For law departments around the U.S., the 2008 financial crisis sparked a new movement in legal spend: cut overall costs by relying less on outside counsel and more on the department’s own diligent work and internal expertise. With the crisis seven years in the rearview mirror, one might think that all of this insourcing of legal work would be over. But based on data collected by Thomson Reuters, the trend appears to be alive and well.

The “Thomson Reuters Legal Department In-Sourcing and Efficiency Report,” which looks at feedback from more than 300 in-house attorneys, shows that legal departments are not only cutting outside counsel spending, but also looking inward to see where they can grow as a department and become more efficient without tapping the expertise of outside firms.

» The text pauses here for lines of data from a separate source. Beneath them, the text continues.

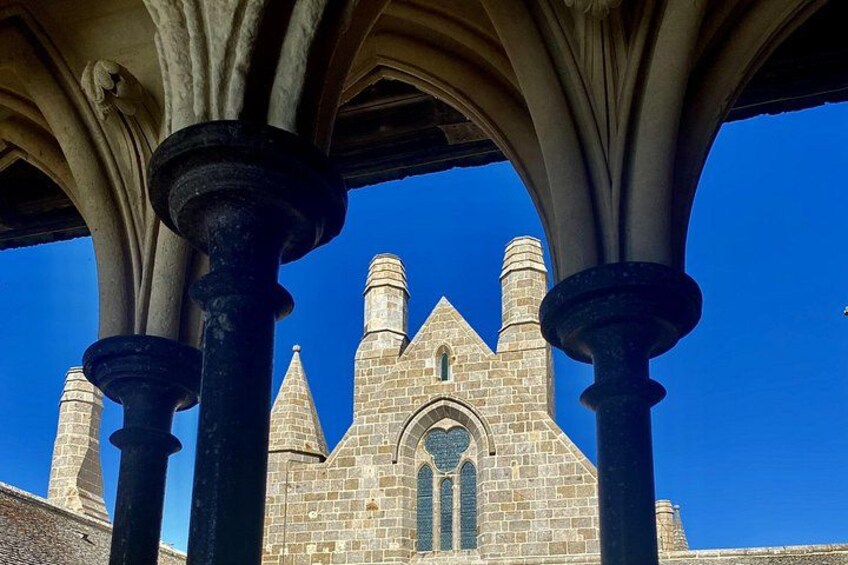 A stone church with a pointed arch and a clear blue sky. 5
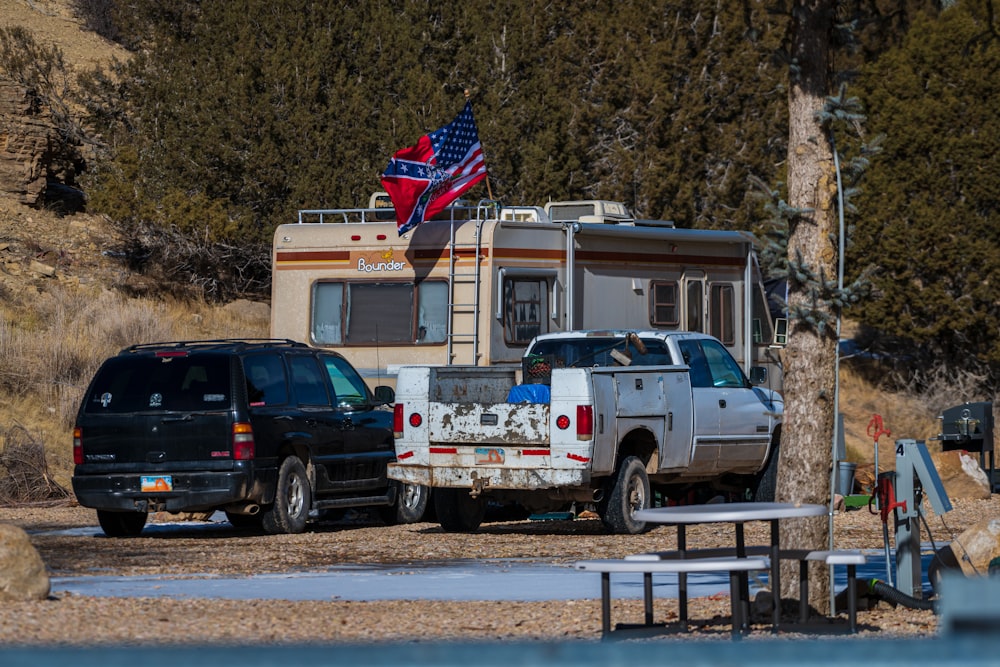 Camionnette blanche à cabine double garée à côté d’une fourgonnette blanche et bleue pendant la journée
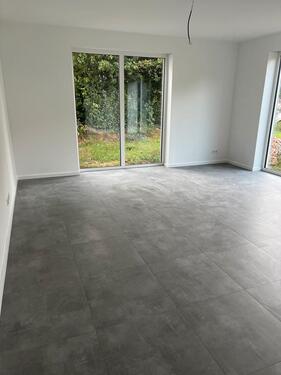 Foto - Moderne 4-Zimmer-Erdgeschosswohnung mit Garten und Garage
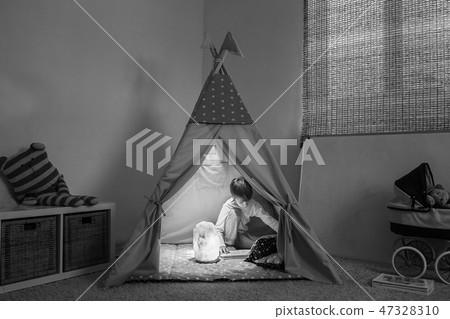 Boy playing in the teepee Boy playing in the teepee 47328310
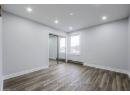 Unfurnished bedroom with wood finished floors, baseboards, recessed lighting, a closet, and baseboard heating
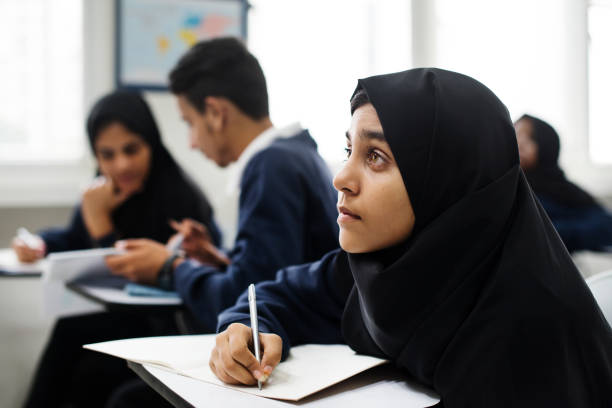 diverse muslim children studying in classroom diverse muslim children studying in classroom arabic girl stock pictures, royalty-free photos & images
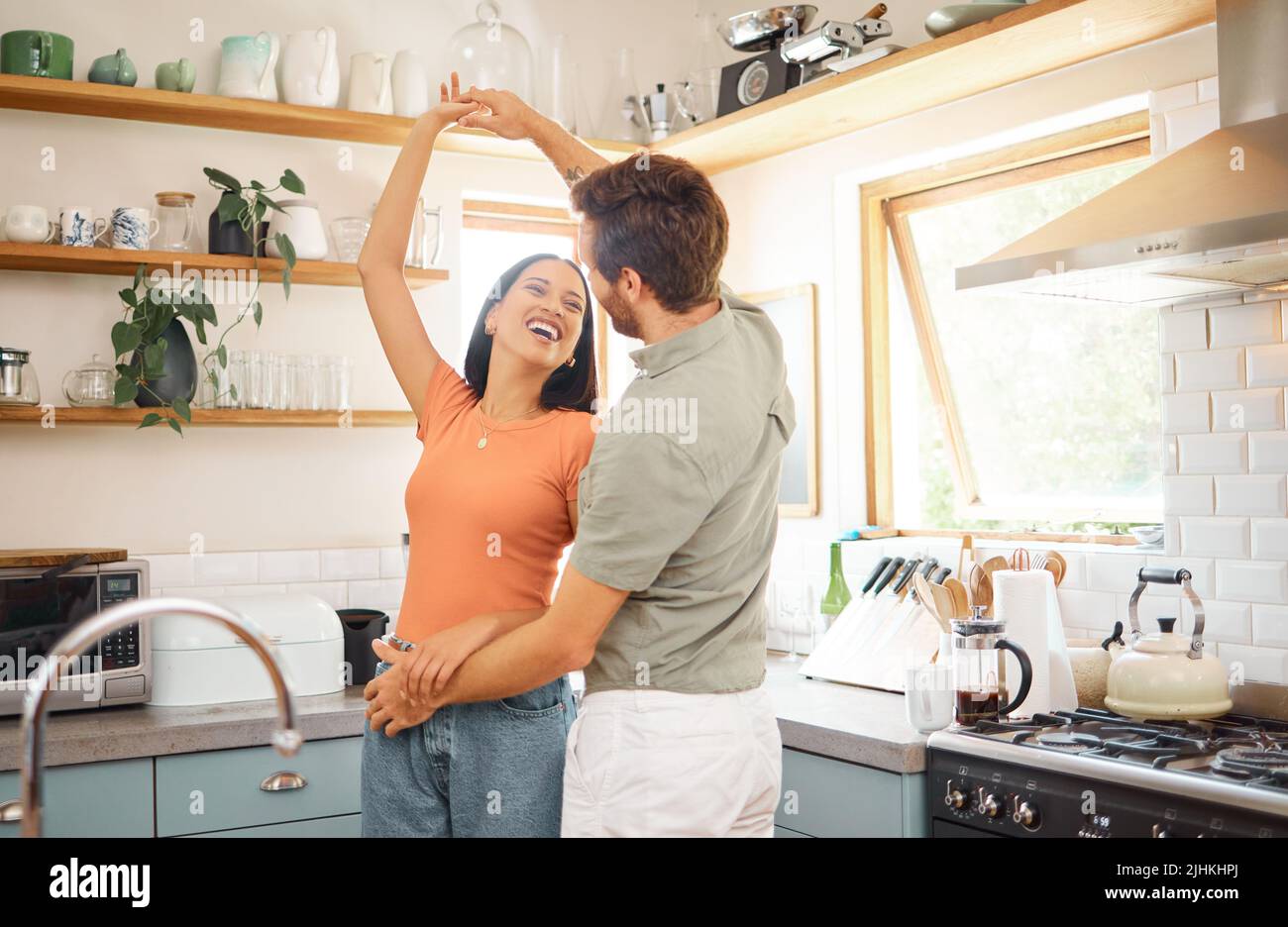 Young content interracial couple dancing in the kitchen at home. Playful caucasian boyfriend and mixed race girlfriend having fun. Happy husband and Stock Photo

The top challenge facing the survey’s corporate counsel is a familiar one: too few resources. Some 27 percent of respondents ranked this as the No. 1 challenge, just above another important issue: reducing outside legal costs. “I think that after 2008, departments have been quite clear that they’re a cost center and will be treated as a cost center,” says Bernadette Bulacan, director of market development at Thomson Reuters. “Is it an evolving trend? I think it’s just going to be the ongoing course.”

It’s clear that reducing reliance on outside counsel continues to be one of the ways departments look to cut costs and do more with less. Over the past two years, according to the data, 35 percent of respondents reported an overall decrease in their reliance on outside counsel to get legal work done. A staggering 79 percent reported that this decrease in work has been caused by redirection of matters in-house.

Of course, the level of in-house versus outside attention that is given to legal tasks varies. The survey broke down which tasks tend to be kept in-house and which tend to be handed off, and found that some areas such as contracts are very likely to stay solely or mostly in the legal department. Others, such as mergers and acquisitions or litigation, are more likely to use outside counsel help and expertise.

Eric Laughlin, managing director of legal managed services and the corporate segment at Thomson Reuters, says that it makes sense that companies would want to keep some types of matters close to home in areas where the business-specific institutional knowledge and background of an in-house lawyer is essential to a job well done. “When thinking about areas of work like contracts and corporate governance and compliance,” Laughlin notes, “you are going to be much more effective if you’re part of the business rather than an associate at a law firm who has to get up to speed quickly on a company and then tries to add value.”

In order to meet the demands of the new normal, law departments are beefing up their in-house teams. In 2014, 60 percent of legal departments in the survey hired new staff, including plenty of nonattorney support staff as well as contract attorneys. Almost one-third of respondents said they planned to hire even more in the coming year.

Another reason why it might be a good time to be on the in-house counsel and staff job market is that departments are actually creating brand new positions. Some 33 percent say they have done this is the last year, particularly in the hot areas of contracts and compliance.

This emphasis on building the internal team seems to show that law departments have shifted their focus beyond just outside counsel management. Bulacan notes that many law departments have figured out how to rein in costs using such tools as discounts, matter budgets and alternative fees, and now are comfortable enough to turn attention elsewhere. “Now that its part of the common discourse with outside counsel,” she says, “we have this opportunity to look at internal teams and really look at how to bulk up their strength and take advantage of those skills that they bring to the table.”